Развернувшись, она забежала к себе в каюту и тут же, выскочив, ткнула ему в руки серую кожаную сумочку.
— Вы несете околесицу. Смотрите, если вам хочется.
Пуаро открыл сумочку. Револьвера там не было.
Выдерживая ее неприязненный, торжествующий взгляд, он вернул ей сумочку.
— Да, — сказал он любезным тоном, — тут его нет.
— Вот именно. Вы не всегда правы, мосье Пуаро. И другое ваше смехотворное утверждение — оно тоже несправедливо.
— Нет, не думаю.
— С вами можно сойти с ума! — Она гневно топнула ногой. — Вы что-то вбили себе в голову и носитесь с этим!
— Потому что я хочу, чтобы вы сказали мне правду.

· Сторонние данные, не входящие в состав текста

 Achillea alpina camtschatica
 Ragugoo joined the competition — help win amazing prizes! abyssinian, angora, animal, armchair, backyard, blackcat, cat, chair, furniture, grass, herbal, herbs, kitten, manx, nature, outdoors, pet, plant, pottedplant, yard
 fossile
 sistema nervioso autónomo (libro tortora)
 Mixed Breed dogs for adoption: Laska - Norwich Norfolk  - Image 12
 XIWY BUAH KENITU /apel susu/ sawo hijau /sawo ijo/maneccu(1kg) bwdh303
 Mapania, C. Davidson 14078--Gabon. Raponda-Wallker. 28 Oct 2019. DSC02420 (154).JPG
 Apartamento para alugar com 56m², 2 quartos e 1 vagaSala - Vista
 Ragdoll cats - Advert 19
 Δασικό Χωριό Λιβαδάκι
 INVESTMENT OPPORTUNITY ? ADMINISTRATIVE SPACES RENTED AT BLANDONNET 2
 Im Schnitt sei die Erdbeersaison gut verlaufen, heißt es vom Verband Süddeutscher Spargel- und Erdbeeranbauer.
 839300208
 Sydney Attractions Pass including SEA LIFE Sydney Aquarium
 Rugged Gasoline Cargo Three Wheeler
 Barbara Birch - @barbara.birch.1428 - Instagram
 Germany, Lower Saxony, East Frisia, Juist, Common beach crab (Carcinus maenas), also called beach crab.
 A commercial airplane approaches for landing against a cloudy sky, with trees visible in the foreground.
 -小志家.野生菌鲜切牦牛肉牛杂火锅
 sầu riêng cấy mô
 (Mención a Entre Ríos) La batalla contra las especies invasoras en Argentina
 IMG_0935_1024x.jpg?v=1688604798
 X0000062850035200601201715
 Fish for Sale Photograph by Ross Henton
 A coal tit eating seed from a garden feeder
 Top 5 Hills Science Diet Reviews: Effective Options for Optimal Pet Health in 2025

— Какую правду?! Такое впечатление, что вы знаете ее лучше меня самой.
— Хотите, я скажу, что вы видели? — сказал Пуаро. — Если я прав, вы подтвердите мою правду? Я думаю, что, огибая корму, вы придержали шаг, поскольку из каюты ближе к центру — наутро вы узнали, что это была каюта Линит Дойл, — вышел мужчина. Вы видели, как он вышел, закрыл за собою дверь и пошел дальше — может, вошел в какую-нибудь каюту на другом конце. Что скажете, мадемуазель, — я прав?
Она молчала.
— Вы, наверное думаете, что разумнее промолчать, — сказал Пуаро. — Вы, наверное, боитесь, что, если вы скажете, вас тоже убьют.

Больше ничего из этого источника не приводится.